Quinoa is quite in trend, you know. Strange. It was first cultivated in ancient civilizations, like the Inca. So, you can understand its origin dates back to 4000 years. And I never tried it first-hand. How silly of me! It’s my sister who brought this ingredient home. And, I thought of giving this seed an Indian touch. Let it be indigenous to South America; nobody can fasten foods in boundaries. Thus, came up with this vegetable quinoa pulao recipe. It’s tasty, gluten-free, and protein-enriched. So, if you are following any diet chart for your weight loss program, you may give it a shot blindfolded.
Let’s see how you too can make the Vegetable Quinoa Pulao.
Ingredients:
Quinoa – 2 Cups
Spinach – ½ Cup (shredded)
Onion – 1 No. (sliced)
Carrot – 1 No. (small cube)
Button mushroom – 6 Nos. (roughly chopped)
French beans – 6 Nos. (roughly chopped)
Green chilies – 2 Nos. (slit)
Ghee (clarified butter) / Oil – 1 Tablespoon
Hing (Asafoetida) – ¼ Teaspoon
Cumin seeds – ¼ Teaspoon
Curry leaves – 1 strand (optional)
Red chili powder – ½ Teaspoon
Turmeric – ½ Teaspoon
Coriander powder – ½ Teaspoon
Garam masala powder – ½ Teaspoon
Lemon juice – 1 Teaspoon
Salt – To taste
Vegetable stock – 4 cups
Procedure:
Soak the quinoa for an hour beforehand.
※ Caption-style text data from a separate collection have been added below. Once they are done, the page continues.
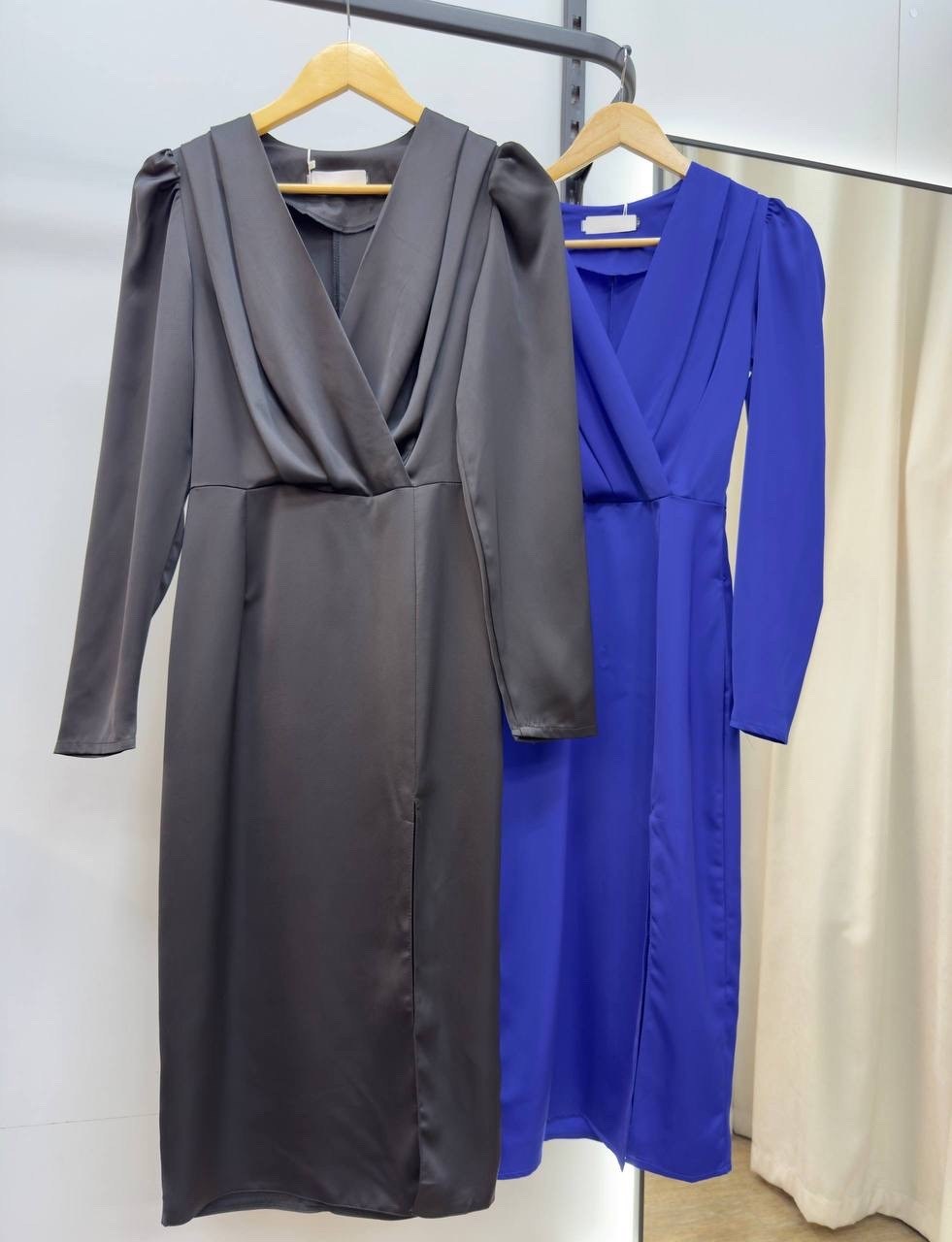 платье,атласное платье,платье с декольте,платье атласное мини,модное платье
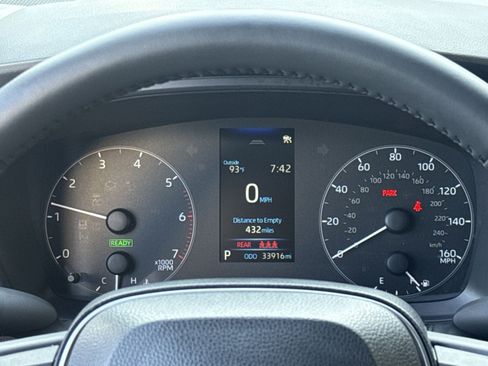 Used 2025 Toyota Corolla SE FWD image 17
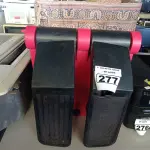LOTE 277 - 01 ACESSÓRIO PARA EXERCÍCIO DE PERNAS E 01 TAPETE PASSADEIRA. (NO ESTADO) ATENÇÃO! FAZER A VISITAÇÃO ANTES DE ARREMATAR, NÃO SABEMOS SE FUNCIONA. LEILÃO NÃO TEM GARANTIA E NEM DEVOLUÇÃO, SUJEITO A POSSÍVEIS AVARIAS VISÍVEIS/OCULTAS E/OU AUSÊNCIA DE COMPONENTES.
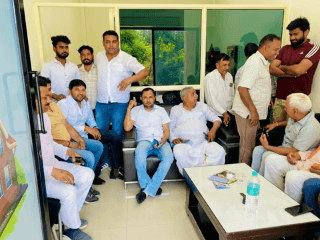 मास्टर श्यौराज सिंह राष्ट्रीय अध्यक्ष भारतीय किसान यूनियन लोकशक्ति के निवास पर मीटिंग कर रबूपुरा बिजली घर पर 9-2-2025 से अनिश्चितकालीन धरना प्रदर्शन शुरू करने का फैसला लिया गया।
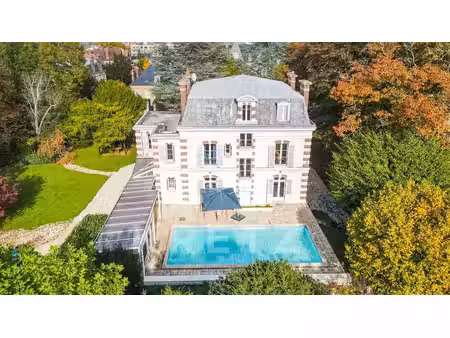 maison de maître avec parc et piscine - centre-ville d'auxerre à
Drain out the water completely.
Now heat Ghee / Oil in the pot where you want to make your pulao.
Add cumin seeds, asafetida, and curry leaves. Let these sputter.
Add the onions. Sauté until it becomes slightly golden.
Now add all the veggies, carrots, French beans, and mushrooms, and if you have some other preferences you may add that too. Stir for 2 – 3 minutes on high flame.
Then add the quinoa and mix well.
Now add red chili powder, turmeric powder, and garam masala powder.
Mix well.
Add the shredded spinach.
Add salt too.
Now add the vegetable stock.
Keep the flame on high. Let it reach the boiling point.
Then simmer the flame and lid it.
Let the quinoa be done completely.
Add lemon juice.
Serve hot.
Nutritional Value of 100 g cooked Quinoa
Calories | 120 Cal |
Protein | 4.4 g |
Carbohydrates | 21.3 g |
Sugar | 0.9 g |
Fiber | 2.8 g |
Fat | 1.9 g |
Conclusion:
Quinoa has a different segment of fan following. Though it’s considered a cereal, it actually is a seed. Yes, it’s true. It’s crunchy and nutty. People find it a bit of bitter-tasting. But that’s okay. Regular quinoa eaters find this bitterness even nonexistent. Try Quinoa Pulao at home. I am sure you would love it.
Read other Recipes here.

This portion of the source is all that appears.